ASSIGNMENT
Please repeat exactly the lines below from the line with "Girl with Giant Plush Panda reference" to the line with "Kvinne som ammer", including both, and leave out every picture.

RECORDS FOR THIS EXERCISE
-------

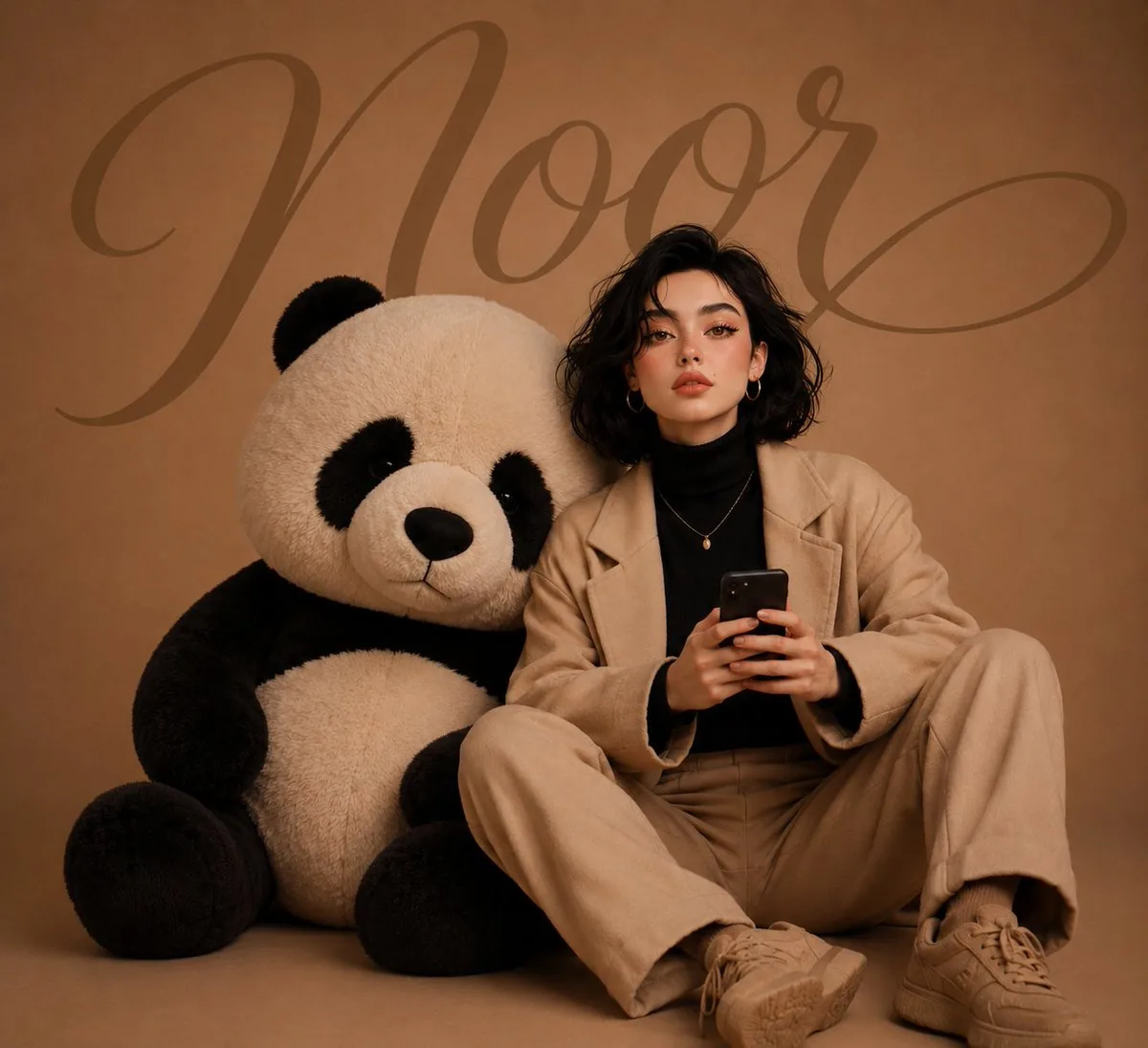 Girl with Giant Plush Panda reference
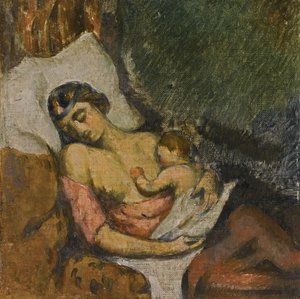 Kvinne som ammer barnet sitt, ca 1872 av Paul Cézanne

-------

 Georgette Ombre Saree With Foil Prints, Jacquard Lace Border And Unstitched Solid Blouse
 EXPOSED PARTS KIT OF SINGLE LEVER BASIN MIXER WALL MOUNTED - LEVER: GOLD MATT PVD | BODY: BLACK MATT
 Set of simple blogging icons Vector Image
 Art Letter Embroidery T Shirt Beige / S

-------

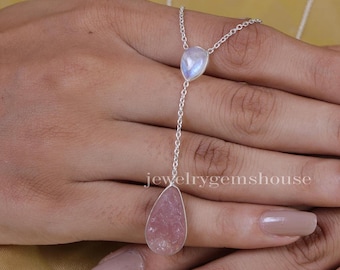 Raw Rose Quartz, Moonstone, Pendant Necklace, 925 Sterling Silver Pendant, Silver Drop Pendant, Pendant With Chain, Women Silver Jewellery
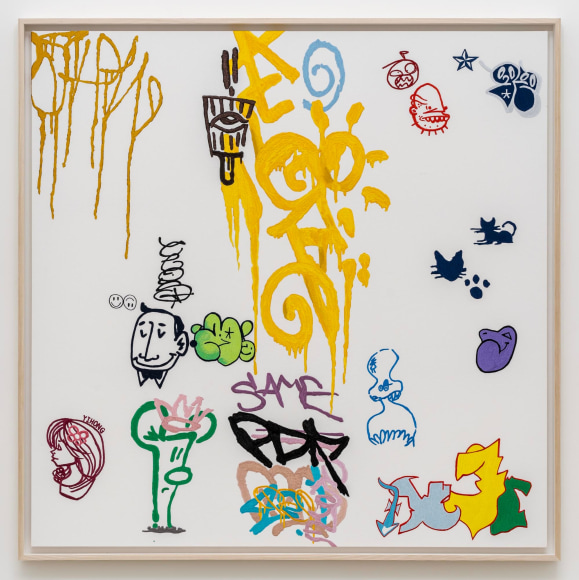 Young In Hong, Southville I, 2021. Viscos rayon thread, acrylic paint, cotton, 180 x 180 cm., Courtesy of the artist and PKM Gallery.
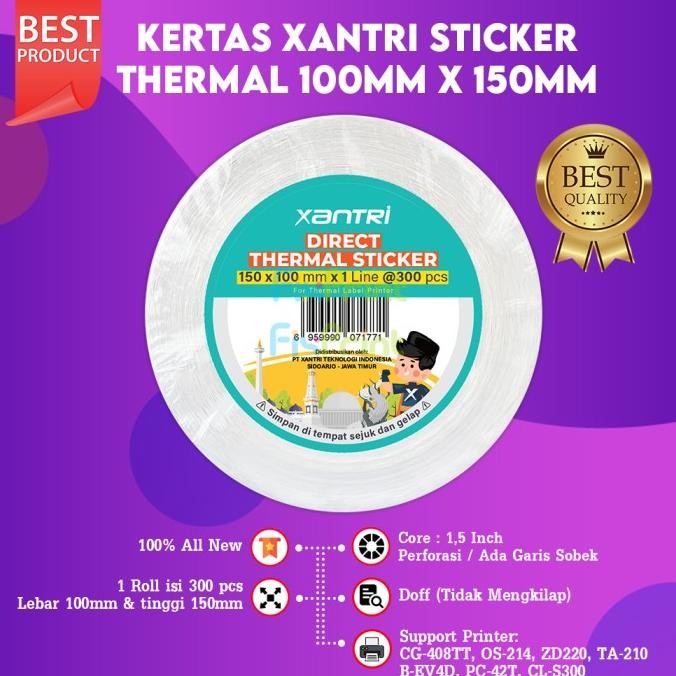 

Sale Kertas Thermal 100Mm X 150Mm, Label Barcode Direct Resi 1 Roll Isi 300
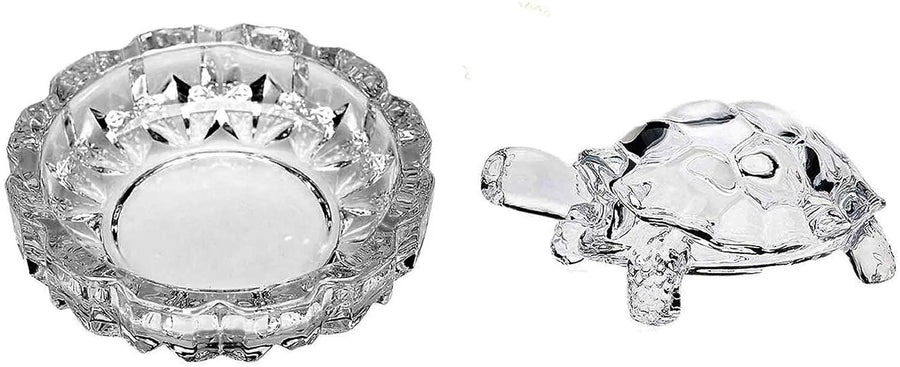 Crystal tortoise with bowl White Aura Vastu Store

-------

SOLUTION FOR THIS PROBLEM
 Girl with Giant Plush Panda reference
 Kvinne som ammer barnet sitt, ca 1872 av Paul Cézanne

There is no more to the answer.